In our family, pozole was always traditionally prepared with pork, but I have substituted chicken many times and think it's a good alternative! The great thing about pozole is that it can be served for breakfast, lunch or dinner. And don't forget the garnishes! It wouldn't be a pozole recipe without the cabbage, radishes and lemon.
3lbs pork butt or shoulder, boneless, trim off excess fat
In a large stock pot, transfer the pork, cover with water, add the onion, whole garlic bulb and about 1 tablespoon of salt. Bring to a boil, lower the heat, partially cover and cook for a good 2½ to 3 hours, skimming the top. When pork is tender (falling off the bone), remove from stock and set aside to cool.
While the pork is cooking, remove the stems and seeds from the chile peppers, transfer to a sauce pan, cover with water bring to a boil, reduce to a simmer and cook for 15 minutes. Drain the water, transfer peppers to blender, add 1½ cups of water and 1 teaspoon of salt, 1 teaspoon cumin, 1 teaspoon oregano and blend until smooth. Strain through wire mesh strainer for a smoother sauce. Set aside.
Strain the pork stock and return to pot. Heat to medium heat, add the hominy, 2 teaspoons of crushed red pepper flakes (or dried chile piquin), 1/2 tablespoon of oregano, 1 cup of water, and the chile puree. Stir well to combine. Bring to a boil, taste for salt. Cook for another 20 minutes.
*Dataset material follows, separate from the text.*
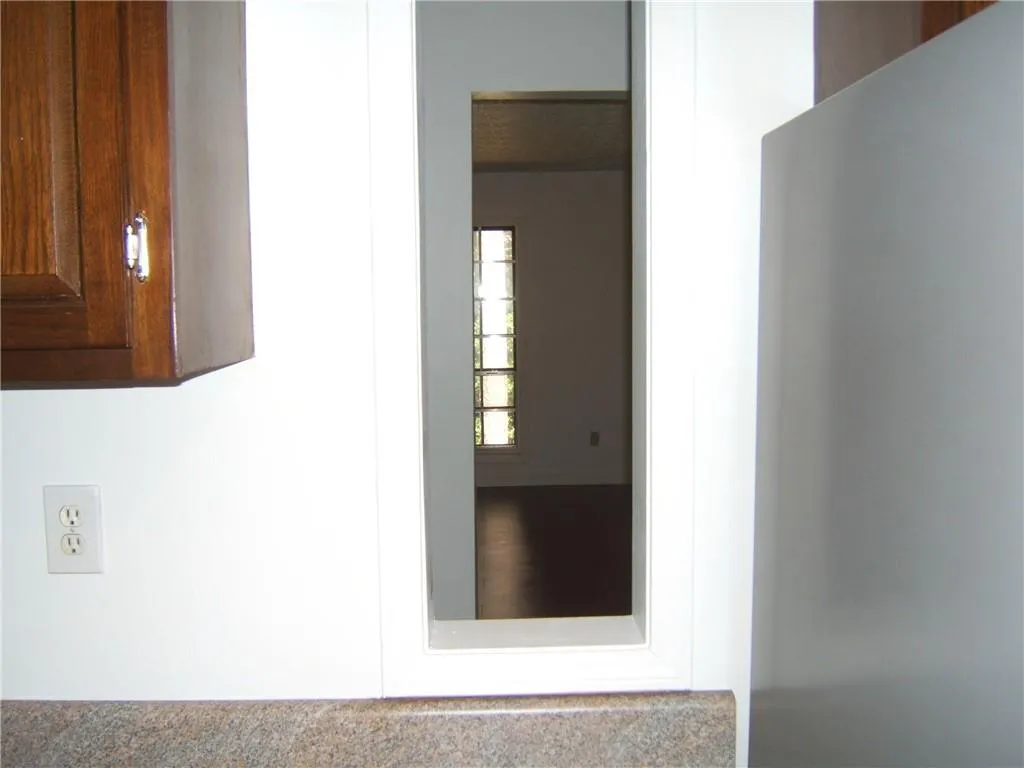 6851 Roswell Road Unit A-23, Sandy Springs, Georgia 30328, 2 Bedrooms Bedrooms, ,2 BathroomsBathrooms,Residential,Sold,6851 Roswell Road Unit A-23,6921352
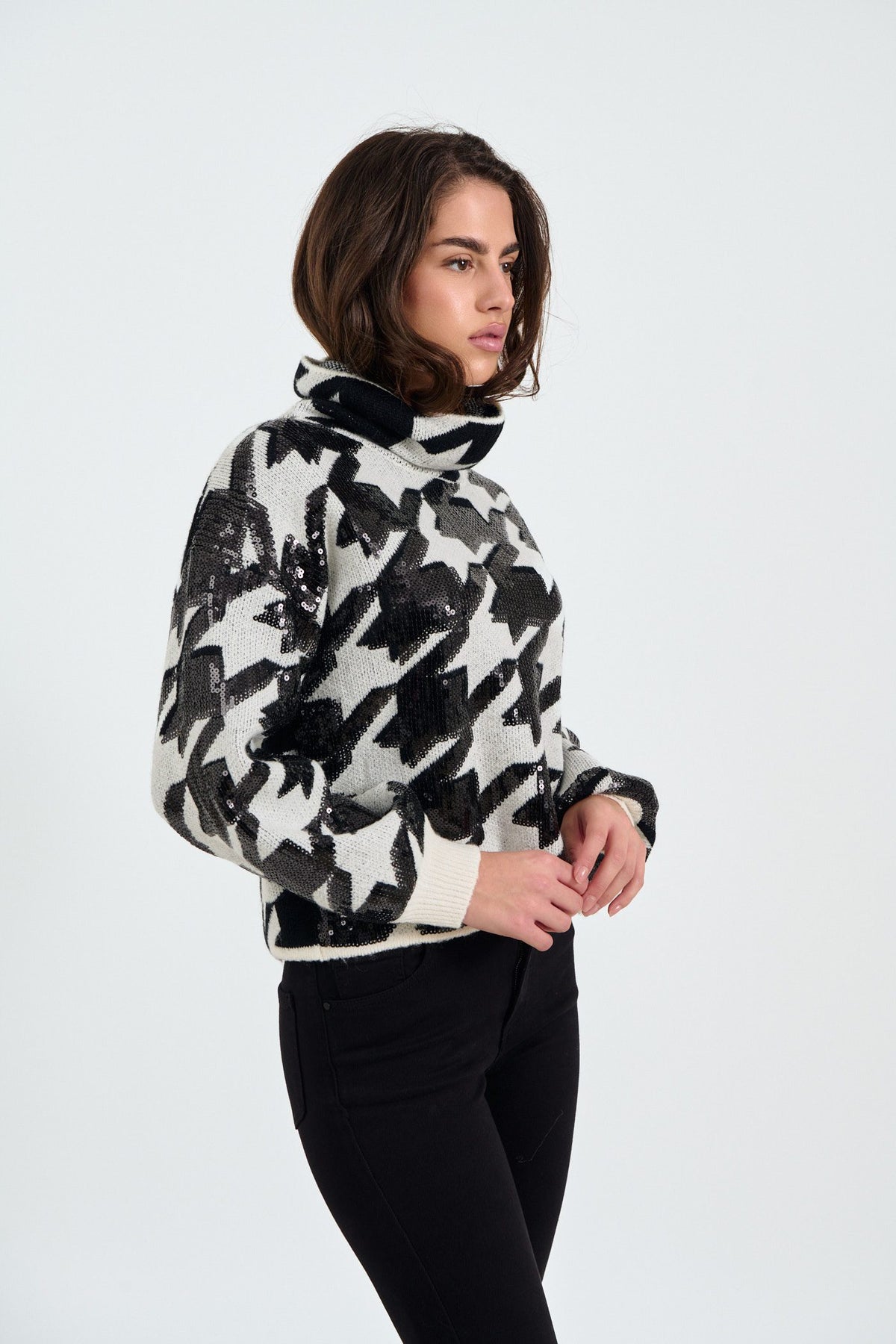 Pullover με μοτίβα και παγιέτα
While that cooks, shred or roughly chop the pork and remove any extra fat. Add to the pozole, stir well and cook for 25 minutes. If too thick, add a little more water, taste for salt.
Serve with tostadas or warm corn tortillas and garnish with shredded lettuce or cabbage, sliced radishes, diced white onion, oregano, crushed chile piquin and lemon.
For a more tender and flavorful pozole, let the pozole cook for a longer period of time at a low temperature. I think the longer it cooks, the better it tastes. I also like to add a little cilantro and minced chile serrano if I am not adding red pepper flakes.